Wampum in the Era of the Atlantic Revolutions

Creative Uses of Wampum and Anglo-Haudenosaunee Diplomacy: Three Eighteenth-Century Case Studies 

Elizabeth Elbourne, McGill University, Canada 

Broadly, the paper will explore creative uses of wampum (including the refusal to acknowledge wampum) in Anglo-Haudenosaunee interactions in late eighteenth-century colonial America.  The paper will draw on three examples related to struggles over land, negotiations with the Society for the Propagation of the Gospel, and the warfare of the American Revolution.  The paper will argue that settler interlocutors also tried to use wampum, albeit in limited ways, in interactions with the Haudenosaunee and that gestures around the use or even deliberate distortion of wampum were part of a language of limited and fragile exchange.  

The Washington Covenant Belt: Historic and Contemporary Interpretations of Haudenosaunee Wampum

Darren Bonaparte, Saint Regis Mohawk Tribal Historical Preservation Officer, Awkwesasne,  Canada 

In 2020, ethnologist William Starna asked Darren Bonaparte and Randy A. John to co-author a paper with him about a legendary wampum belt held by the Haudenosaunee Confederacy. The Washington Covenant Belt, as it is commonly known, is one of the wampum artifacts repatriated from the New York State Museum. One of the goals was to determine when the confederacy received this belt from the first president of the United States. In his presentation, Darren discusses the historic and contemporary interpretations of this belt and the research team’s conclusions. 

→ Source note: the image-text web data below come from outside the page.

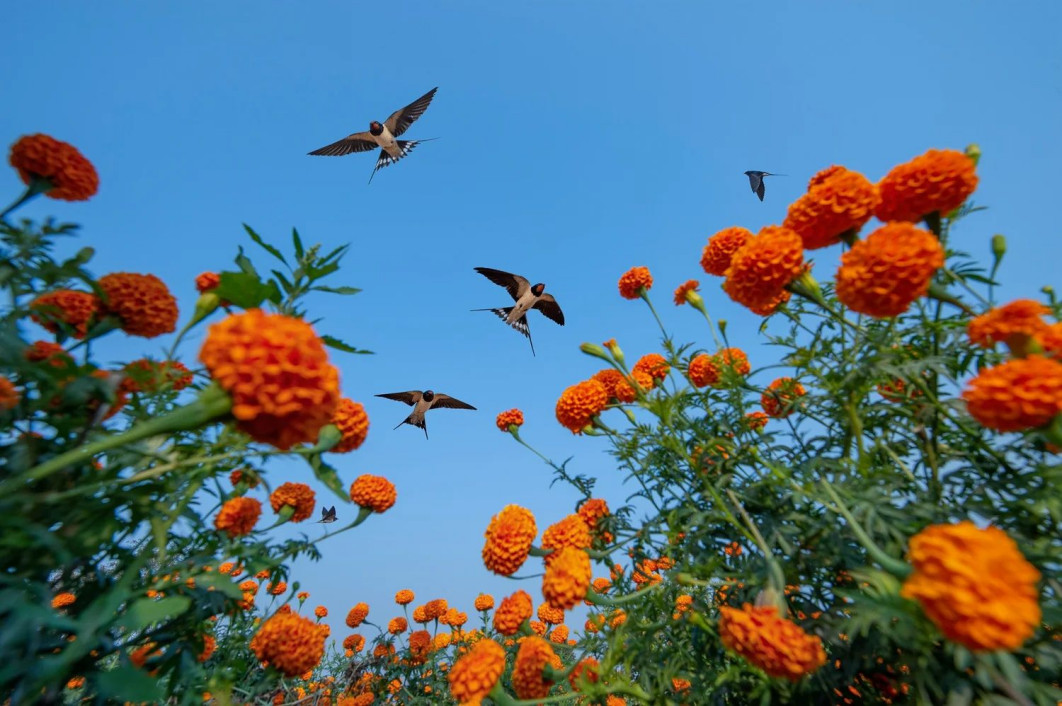 &quot;Through the Marigolds&quot;, fot. Baiju Patil (Indie) - Silver Award, Birds in Flight | Bird Photographer of the Year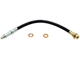 Purchase Top-Quality Front Brake Hose by RAYBESTOS - BH36623 pa13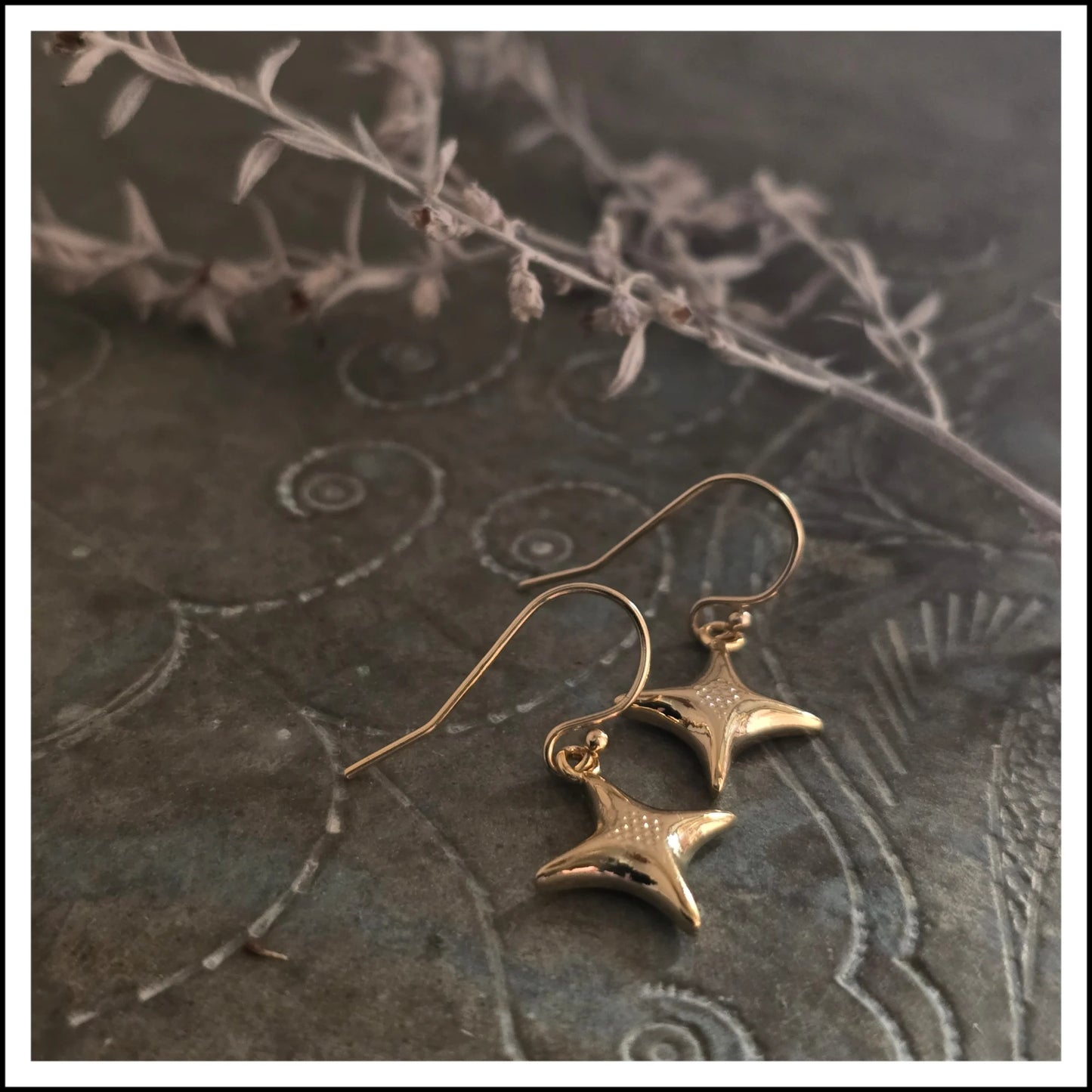 Paird North Star Earrings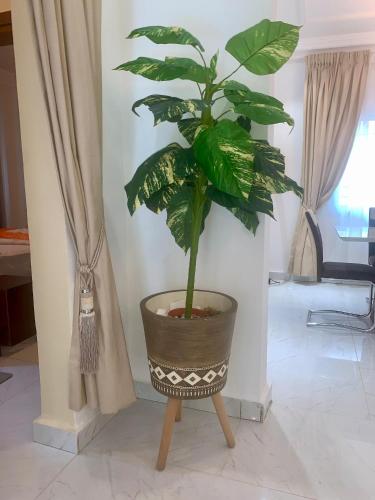 Ach Guest Home Ach Guest Home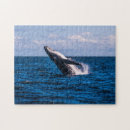 Buscar ballenas puzzles Ballena jorobada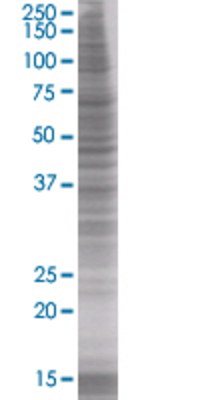CFHL1 transfected lysate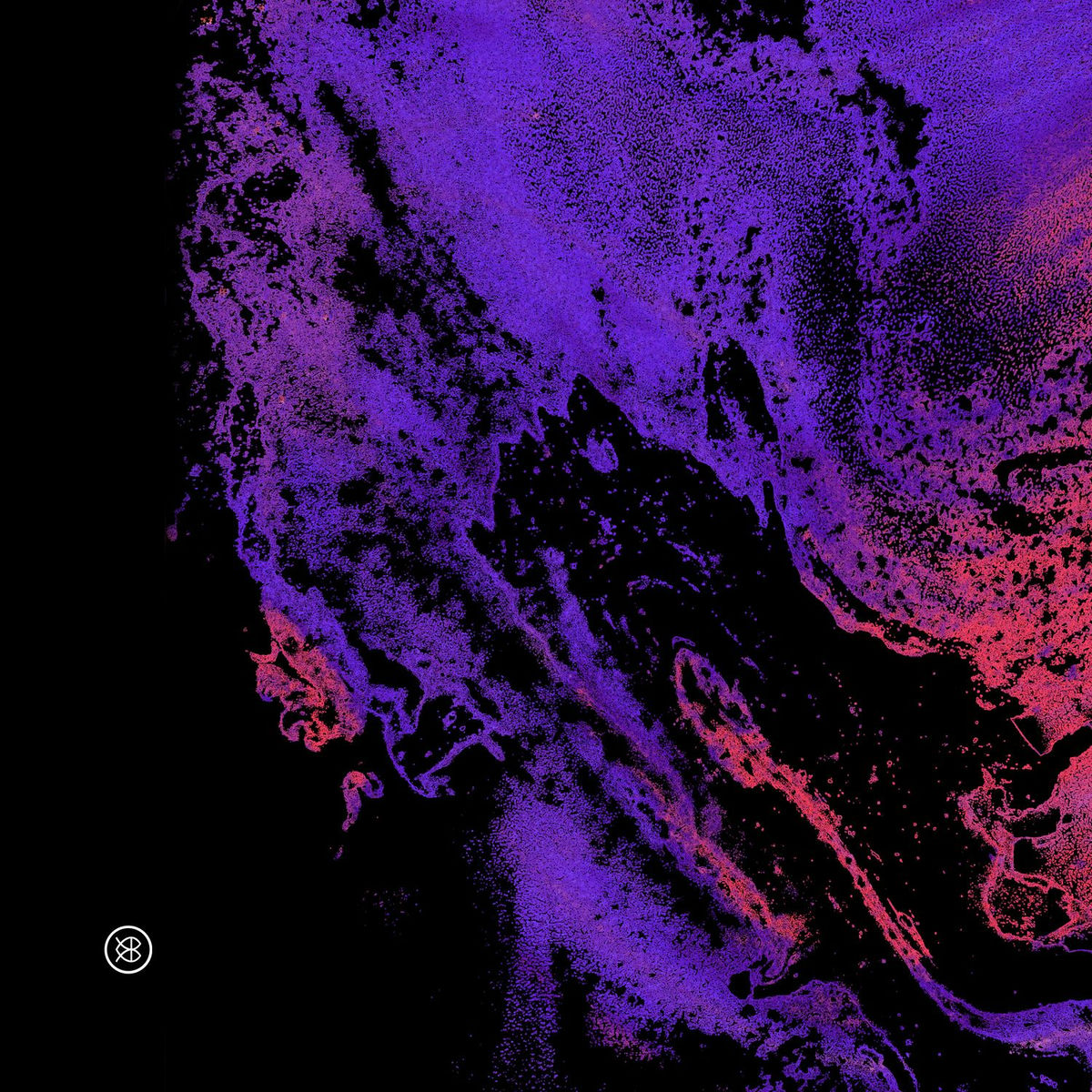 Album cover of Anestesia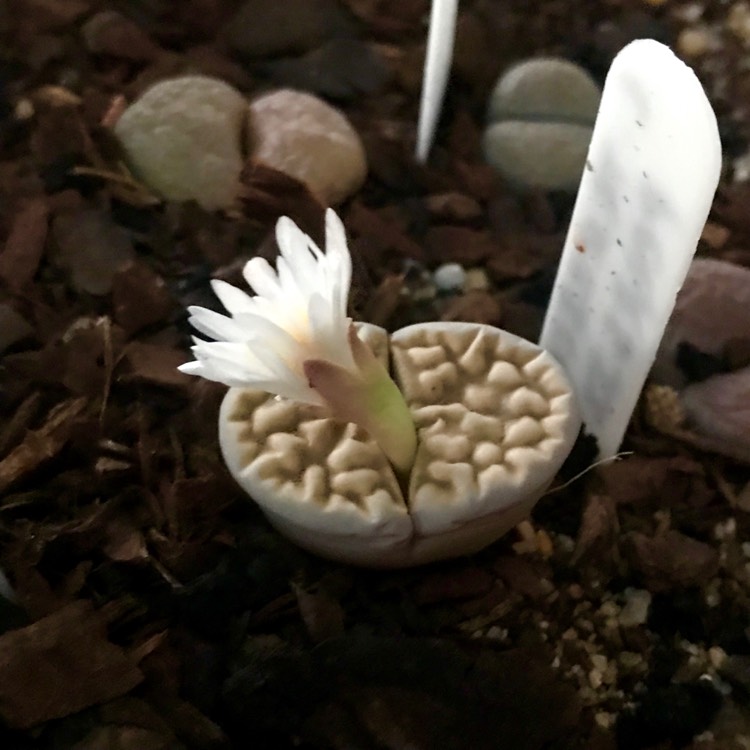 Plant image Lithops Karasmontana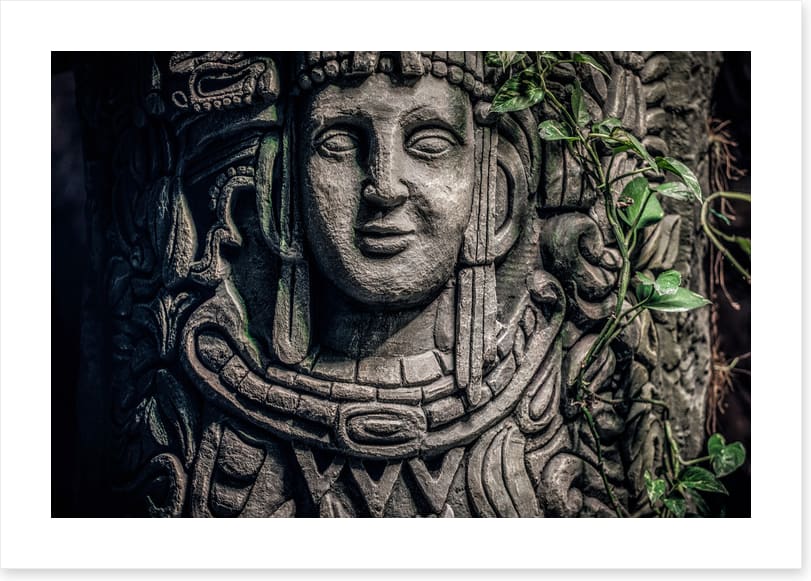 Face of the jungle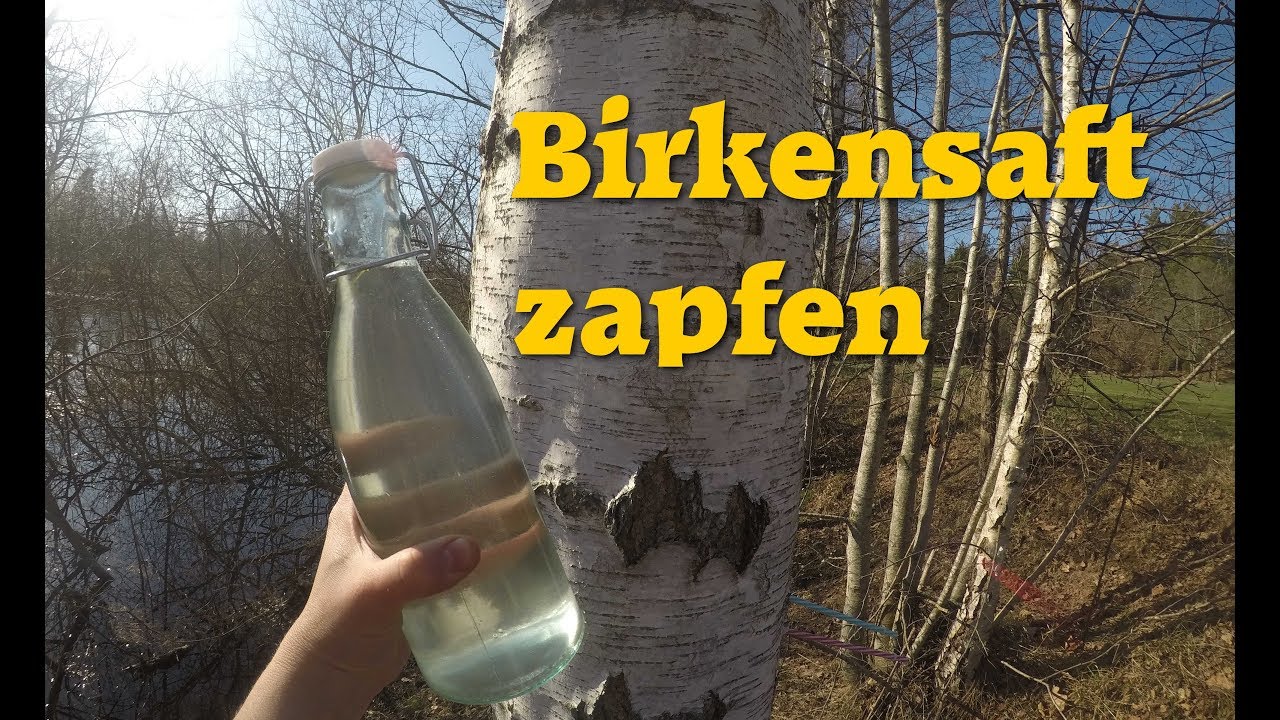 Frühlingsglück durch Birkensaft / Birkenwasser zapfen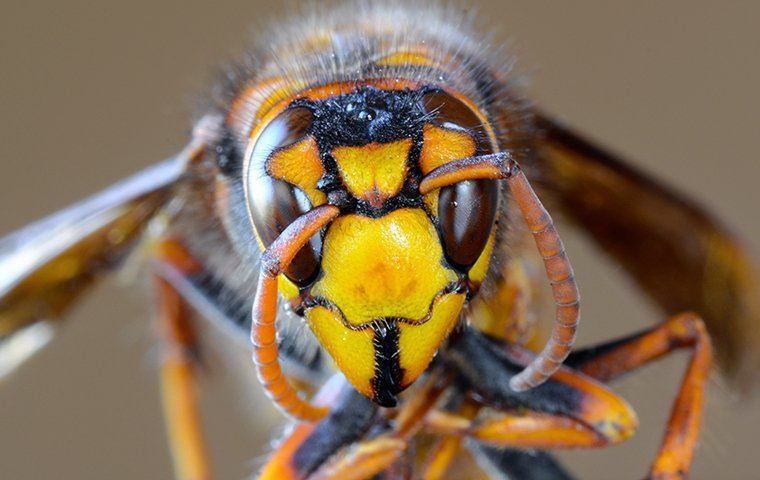 close up of a wasp's face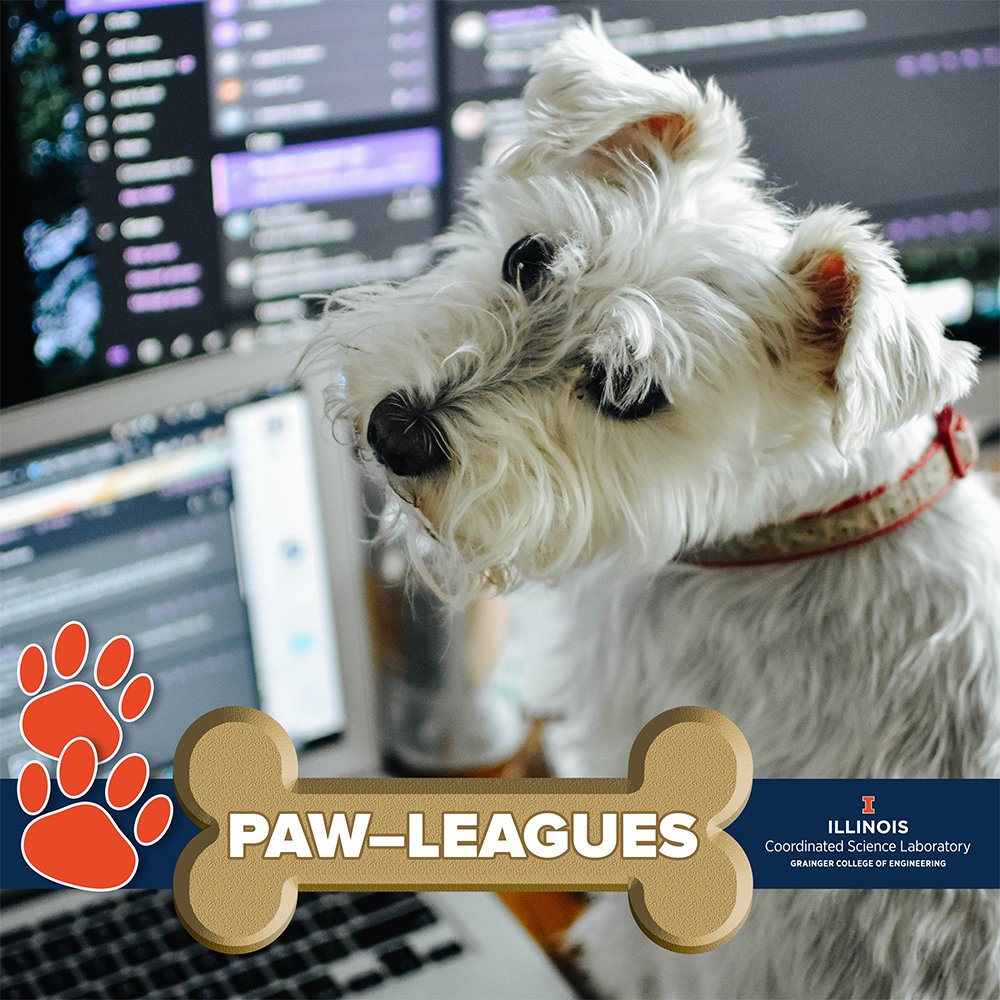 CSL_Illinois's tweet photo. The new CSL staff featured in this week’s Pawleagues post think they can do the job better than their humans! https://t.co/B20ECBAb2i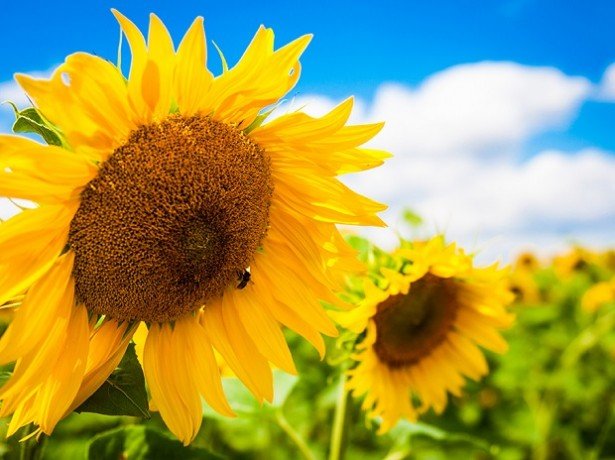 Гібриди соняшнику з найкращими показниками врожайності та стійкості до хвороб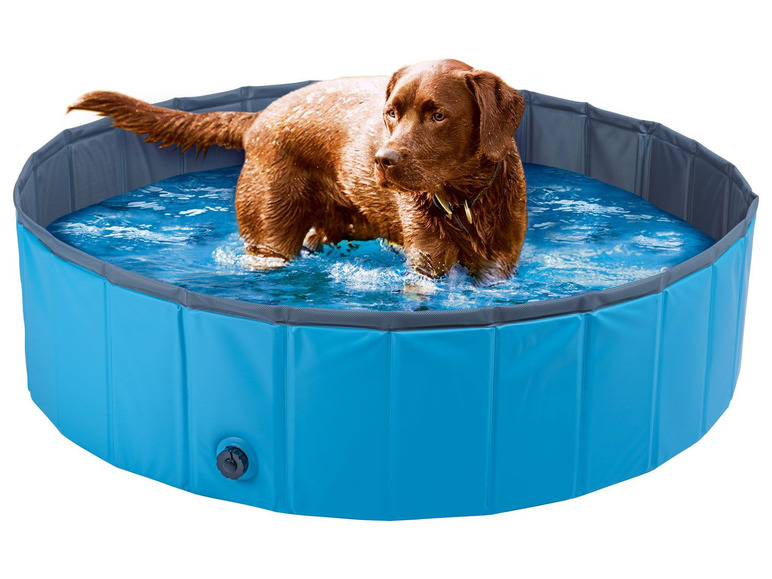 Ga naar volledige schermweergave: Zoofari Hondenzwembad, zonder oppompen, opvouwbaar - afbeelding 2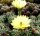 Echinocereus subinermis v. luteus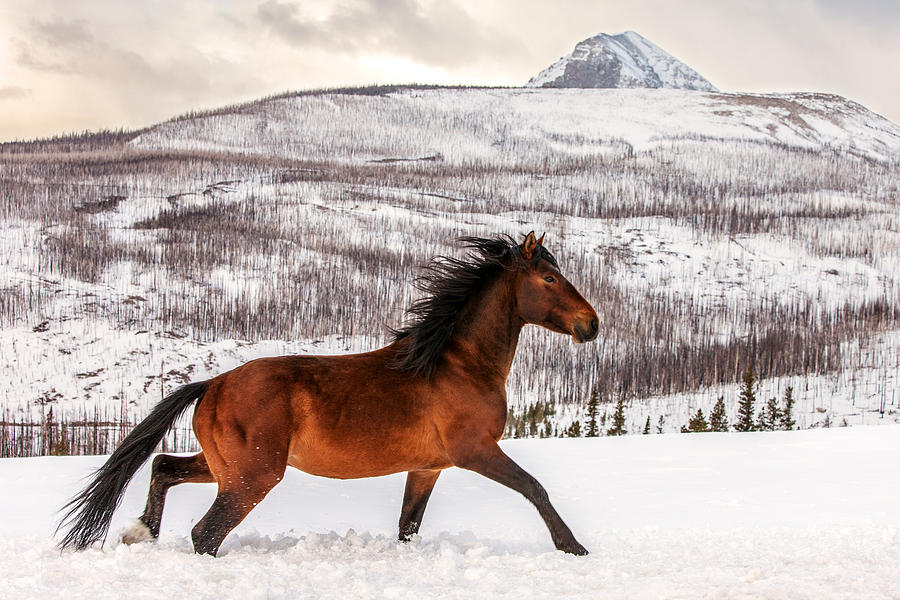 Wild Horse Photograph by Todd Klassy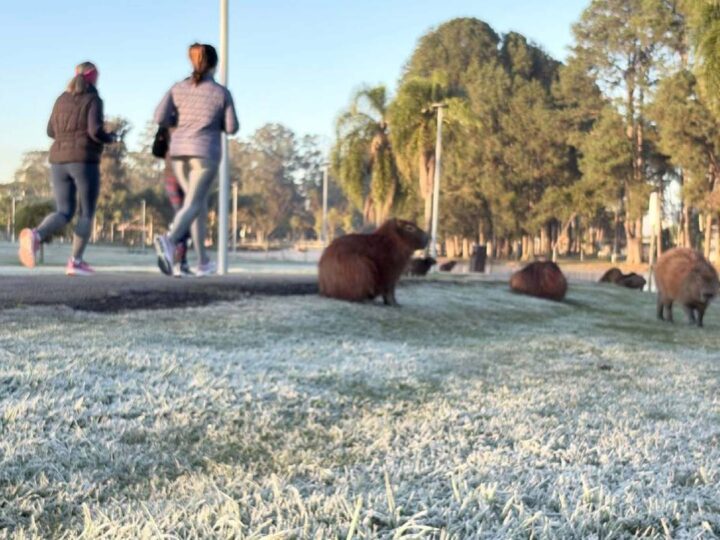 Paraná em Alerta: Onda de Frio e Tempestades Atingem o Estado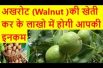 अखरोट (Walnut )की खेती कर के लाखो में होगी आपकी इनकम walnut farming business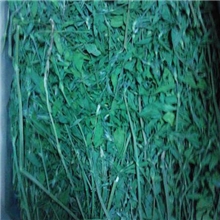 2013年新鲜上市厂家直销宠物苜蓿宠物饲料紫花苜蓿叶多枝软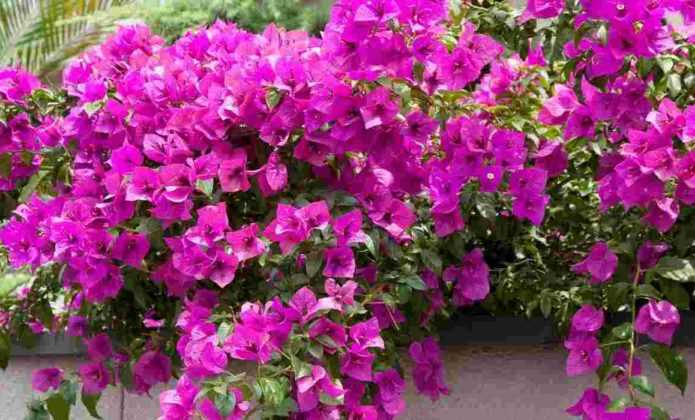 Bougainvillier rustique Violet de Mèze main image 1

Miigis Apikan (The Message is the Burden): Wampum in Anishinaabe Contexts

“The Spirit of My Words”: Anishinaabe Understandings of Wampum

Alan Corbiere, York University, Canada

Drawing from council proceedings written in English, petitions written in Anishinaabemowin, museum collections, and ethnographies, this presentation interrogates the relationship between metaphoric diplomatic language and its relationship to the visual symbolism and materiality of wampum strings and wampum belts. Recognizing that wampum was used over a vast area by many nations, this presentation adopts an Anishinaabe perspective and will situate Anishinaabe wampum use within this diplomatic world. This presentation is part of a larger research project that is investigating meaning-making and the development of shared understanding amongst different nations in the Great Lakes area and adjacent environs.  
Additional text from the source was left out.